Pensiamo di pubblicare il nuovo album a Ottobre 2015. Per questo stiamo raccogliendo idee e spunti, sia musicali, che testuali. L’ep “Al cuore” rappresentava una dedica ma anche un moto a luogo, in quanto espressione dell’esigenza di un ritorno all’essenziale per i C.F.F., sia musicale, che esistenziale. È questa la premessa che ci muove rispetto agli attuali lavori di scrittura e composizione del primo vero e proprio album in questa nuova veste. L’intenzione è di continuare nell’operazione di sottrazione, enfatizzando maggiormente la componente acustica, e di raccontare storie, sussurrandole all’orecchio di chi decide di dedicarci tempo e attenzione, di farsi prendere per mano ed attraversarle, in una relazione più autentica e confidenziale, così come è accaduto magicamente nei numerosi e partecipati concerti che hanno preceduto questo lavoro di studio.
Cogliamo l’occasione per ringraziare tutte le testate e i siti web per lo spazio concessoci, per ringraziare tutti i gestori dei locali che hanno ospitato il nostro ultimo tour e tutte le persone che, da anni o da pochi giorni, ci seguono e ci sostengono con un affetto che ci sorprende ed emoziona moltissimo: non ci stancheremo mai di dire che riempiono d’anima e di senso il nostro percorso!

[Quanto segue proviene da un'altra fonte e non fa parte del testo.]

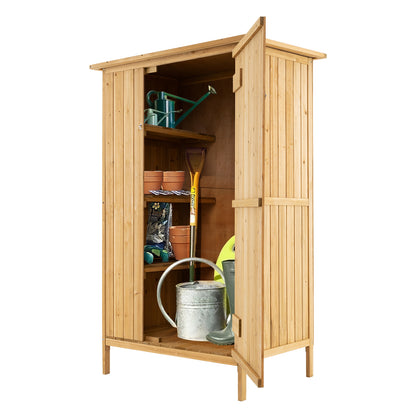 Buitenopbergkast – Tuinschuur – Tuinkast – Gereedschapskast – Houtopslag – Natuurlijk Grenenhout – Asfalt Dak – 3 Planken Met 5 Haken – Vergrendelbare Deur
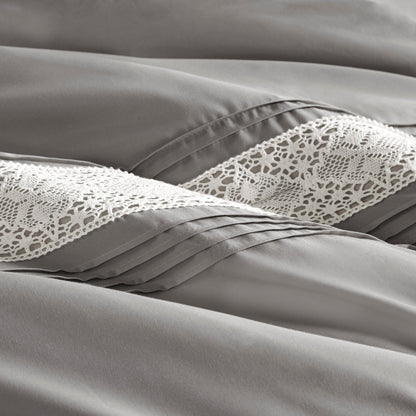 Madison Park Marla 7 Piece Lace Trim Comforter Set with Throw Pillows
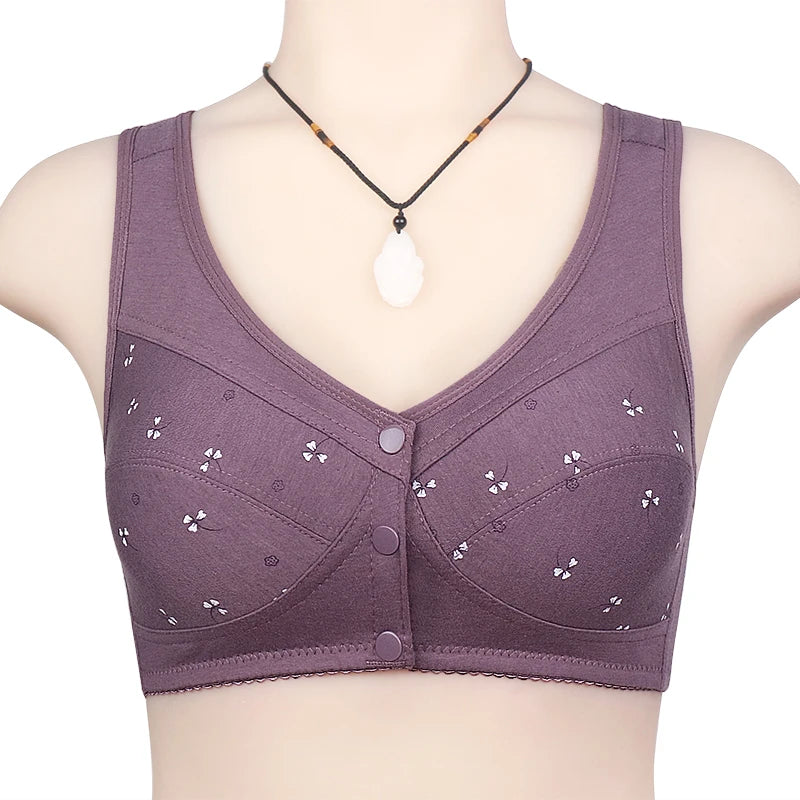 Bra Cotton Women Wire Free Bras Front Closure Brassiere Female Confortable Underwear Everyday Large Bust 52BC 50BC Cup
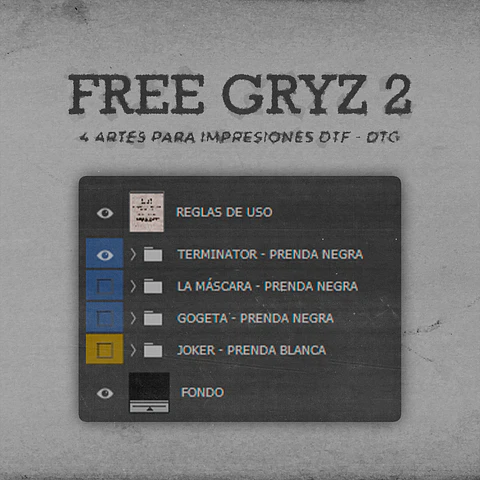FREE GRYZ 2: ARTES DTF - DTG GRATIS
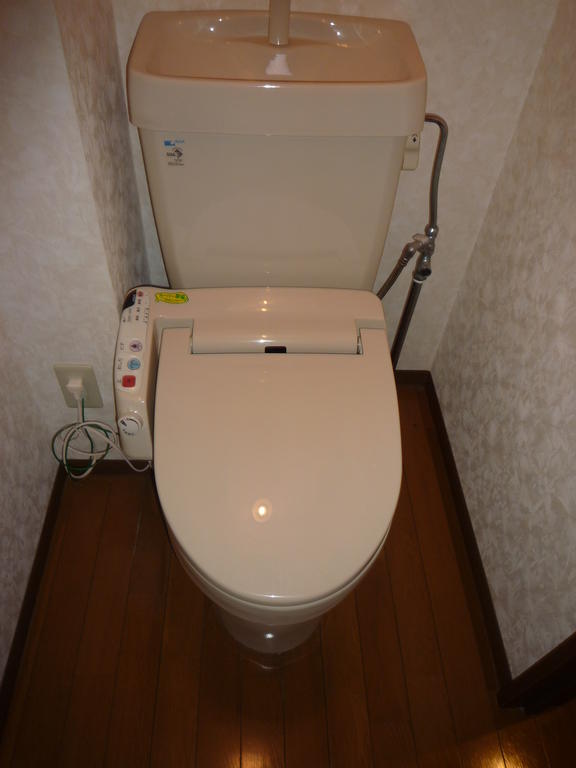 Toilet. Naturally warm water washing toilet seat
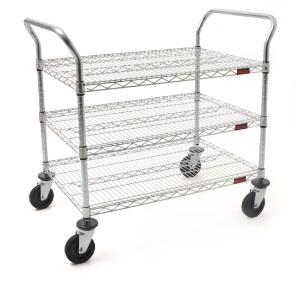 3 shelf, chrome wire utility cart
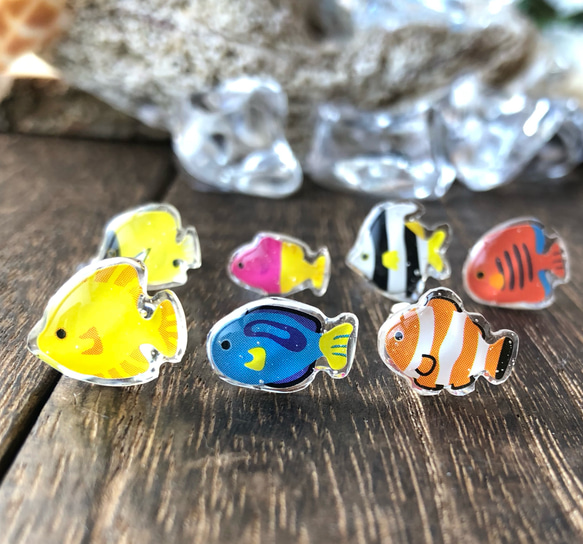 小さなお魚さんピアス・ノンホールピアス・イヤリング／7種類／SUS316L・サージカルステンレス／海・熱帯魚・カラフル 3枚目の画像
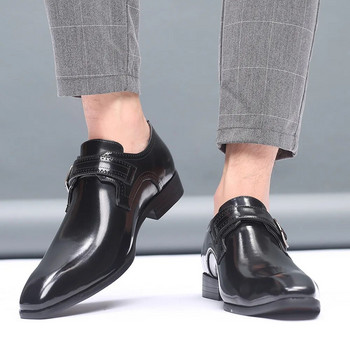 Плюс размер 39-48 Мъжки сватбени обувки от микрофибърна кожа Официални бизнес обувки с остри пръсти за мъжки рокли Мъжки обувки тип Оксфорд H196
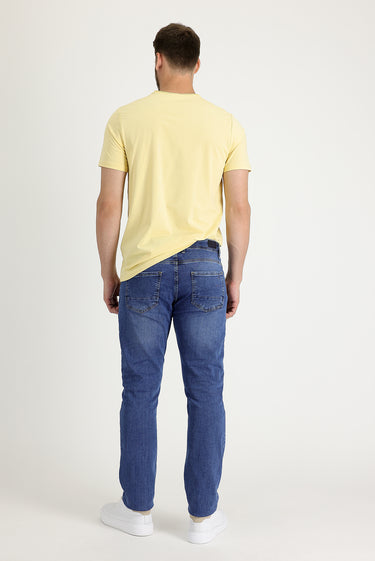 Koyu Mavi  Slim Fit Dar Kesim Likralı Denim Pantolon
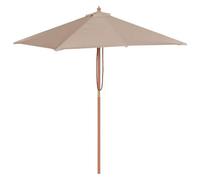 Berkfield Elegant Outdoor Parasol With Wooden Pole 150X200 Cm Taupe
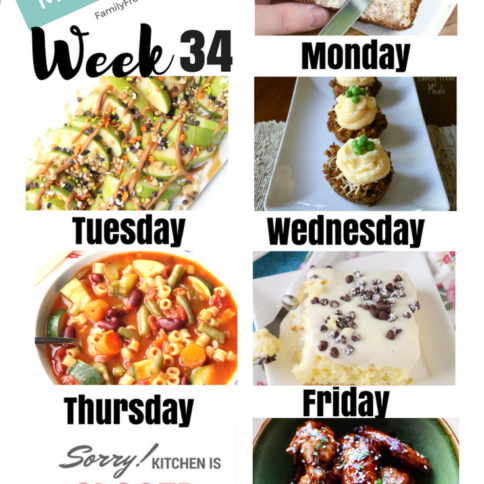 Easy Weekly Meal Plan Week 34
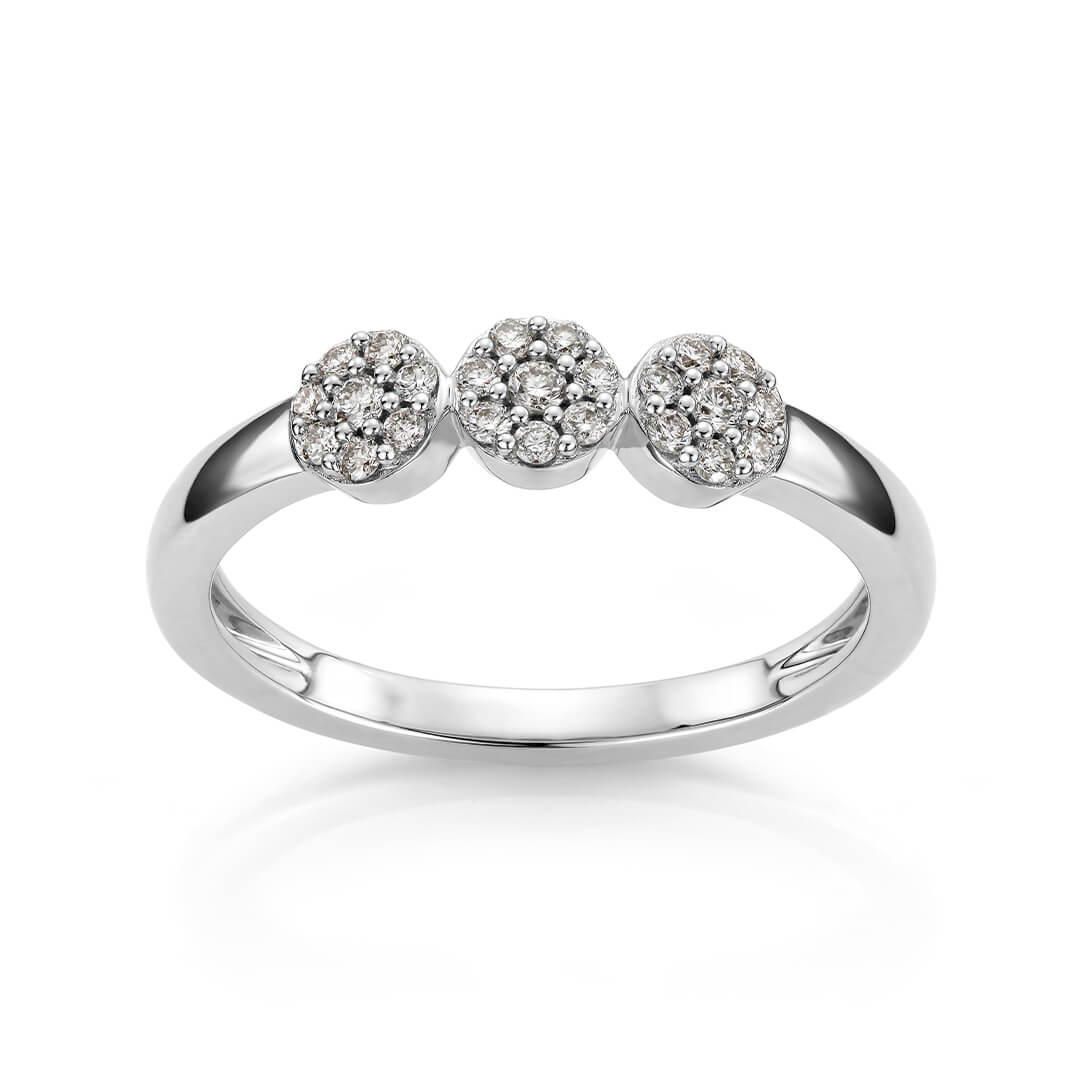 MARY Diamantring 375 Hvitt Gull 0,196 ct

Proveremo a restituire almeno una parte di quanto ci viene magnificamente donato mettendoci al lavoro sul nuovo album, dando il massimo di noi stessi e partendo ancora una volta dalla convinzione che tornare a dedicare tempo ed attenzione all’ascolto, alla lettura, alla riflessione, alla contemplazione non solo non è fuori moda ma, anzi, è l’unica strada per ricostruire un futuro condiviso, fertile, luminoso e responsabile. Veniteci a trovare su nostri spazi multimediali e avrete modo di seguire gradualmente gli sviluppi del futuro album e di tutto ciò che vi ruoterà attorno… Il vecchio hashtag  #‎CFFalcuore lascia il posto al nuovo ‪#‎CFFallavoro. Anche questa è una dedica: per l’appunto, alla dignità di questo straordinario lavoro.